Volta was born in Como and educated in the public schools there. In 1774 he became professor of physics at the Royal School in Como, and in the following year he devised the electrophorus, an instrument that produced charges of static electricity. In 1776-77 he applied himself to chemistry, studying atmospheric electricity and devising experiments such as the ignition of gases by an electric spark in a closed vessel. In 1779 he became professor of physics at the University of Pavia, a chair he occupied for 25 years. By 1800 he had developed the so-called voltaic pile, a forerunner of the electric battery, which produced a steady stream of electricity. In honor of his work in the field of electricity, Napoleon made him a count in 1801. The electrical unit known as the volt was named in his honor. In 1819 he finally retired to private life in his country house in Camnago, where he died in 1827.
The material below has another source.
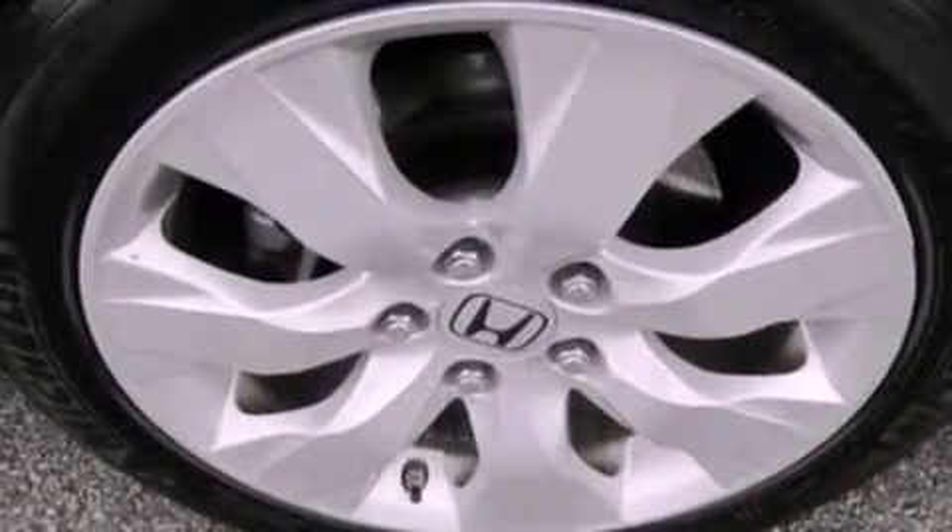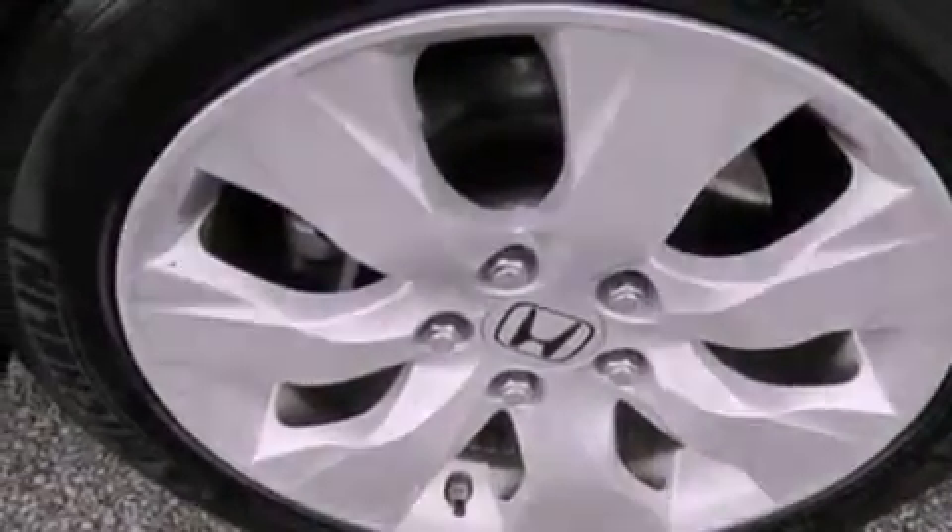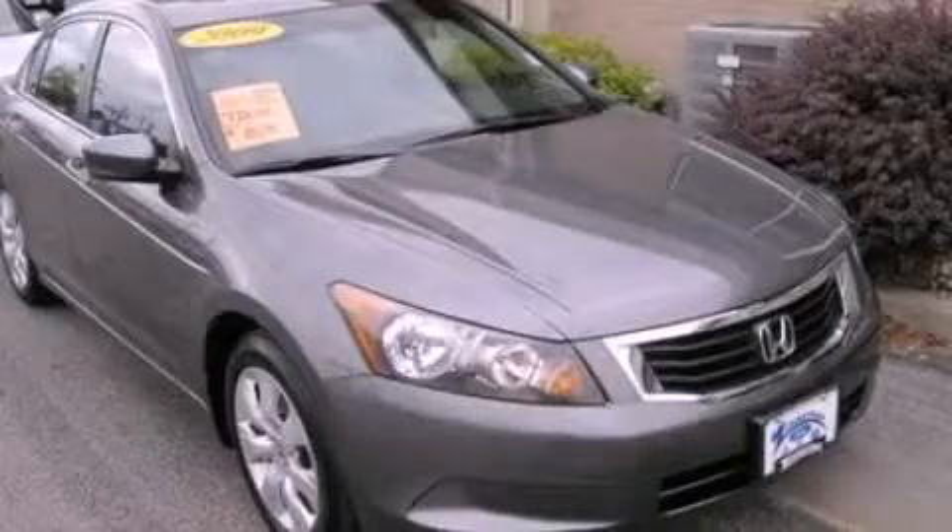With an EPA estimated rating of 30 miles per gallon on the highway, fuel efficiency does not take a back seat. This vehicle is sure to sell fast. Call and arrange your test drive today.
In 1800, he announced a new electrical device, the Voltaic Pile, initially presented as an "artificial electric organ", in controversy with the claimed autonomy of animal electricity. This device was made of alternating disks of zinc and copper with each pair separated by brine soaked cloth. Attaching a wire to either end produces a continuous current of low intensity. This was the first direct current battery. This put an end (for a time) to Galvani's theory of animal electricity. It is interesting to note that Volta described his battery as an electric organ and likened it to the electric organ of the torpedo fish, which had columnar stacks of cells.

The importance of the invention and its applications, which came about in a few months, seemed to prove the Como scientist right. His fame has since conquered the world. But the idea of animal electricity did not prove useless. Volta’s invention was to give rise to electrochemistry, electromagnetism and the modern applications of electricity. Galvani’s research was soon to develop into electrophysiology and modern biology. The possibility of producing electric currents was to change science and technology in the new century. As an experimental physicist and inventor of instruments, Volta enjoyed unequaled success, but nowadays one must remember also his notable theoretical contributions (the product of intensive and extensive quantities, tension, capacity, the law of bimetallic contact, atmospheric electricity) which, while going against the Newtonian line, were to prove invaluable for the development of the experimental sciences of the eighteenth century.


Honors and Awards
Volta received his greatest honor at the hands of his fellow scientists. The unit of electromotive force- the driving force that moves the electric current- is now called the "volt." The energy of moving charged particles produced by modern atom-smashing machines is measured in electron-volts. A billion electron-volts is abbreviated "bev," and when we speak of the particular atom-smasher called the bevatron, the "v" in the name stands for Volta.